Between 1937 and 1938, Salinger visited Vienna and Poland with his father, in an attempt to learn his family’s trade. After returning to the United States in 1938, he briefly attended Ursinus College in Pennsylvania, where he wrote a cultural-criticism column titled “Skipped Diploma.” 

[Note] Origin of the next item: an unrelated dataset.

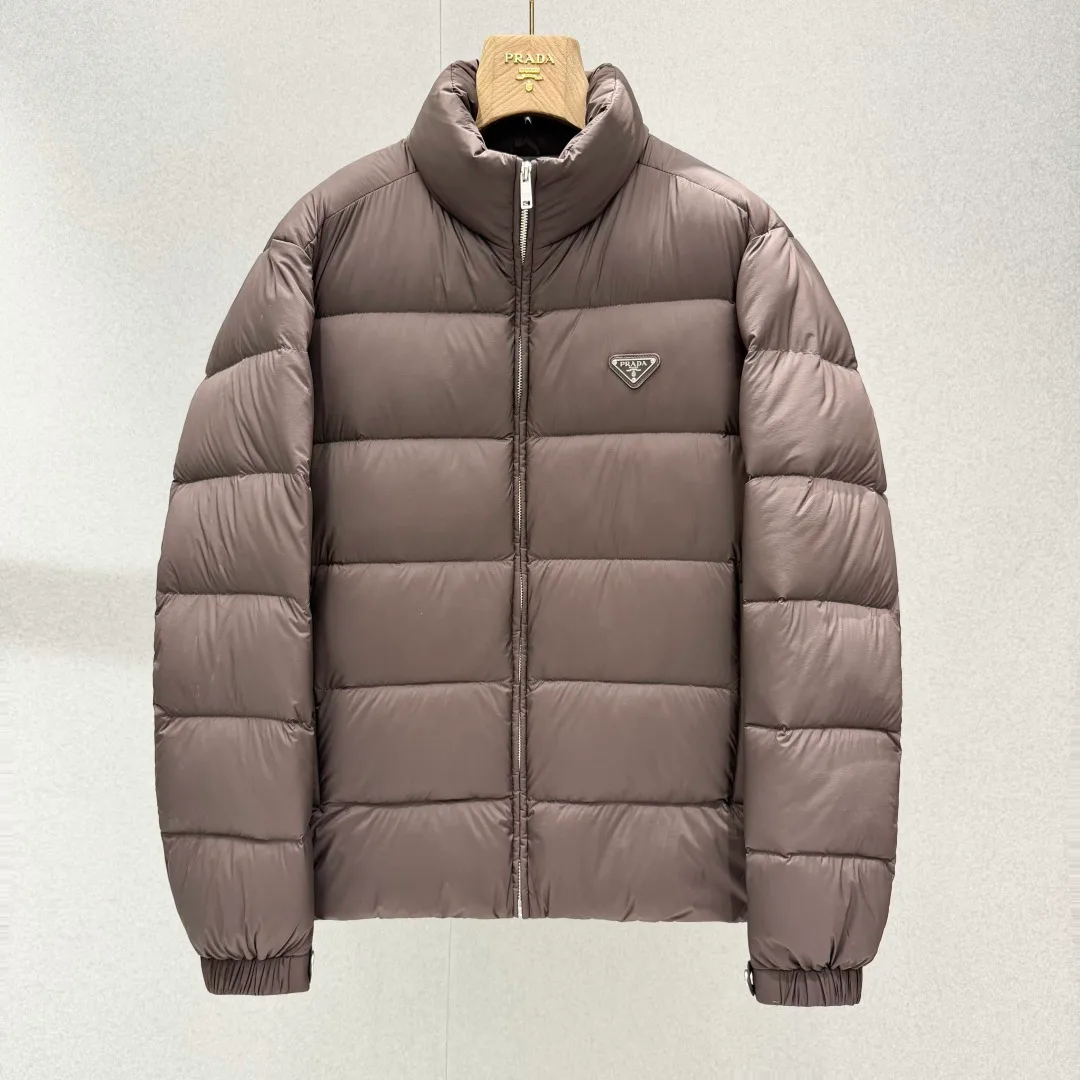 Куртки И Пуховики Мужские Prada 18680233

Early Work and Wartime (1940-1946)

  • “The Young Folks” (1940)
  • “Go See Eddie” (1940)
  • “The Hang of It” (1941)
  • “The Heart of a Broken Story” (1941)
  • “The Long Debut of Lois Taggett” (1942)
  • “Personal Notes of an Infantryman” (1942)
  • “The Varioni Brothers” (1943)
  • “The Last Days of the Last Furlough” (1944) 
  • “Elaine” (1945)
  • “This Sandwich Has No Mayonnaise” (1945)
  • “I am Crazy” (1945)

After leaving Ursinus, he enrolled in a short-story writing course at Columbia University, taught by Whit Burnett. At first a quiet student, he found his inspiration towards the end of the fall semester, when he turned in three short stories that positively impressed Burnett. Between 1940 and 1941, he published several short stories: “The Young Folks” (1940) in Story; “Go See Eddie” (1940) in University of Kansas City Review; “The Hang of It” (1941) in Collier’s; and “The Heart of a Broken Story” (1941) in Esquire.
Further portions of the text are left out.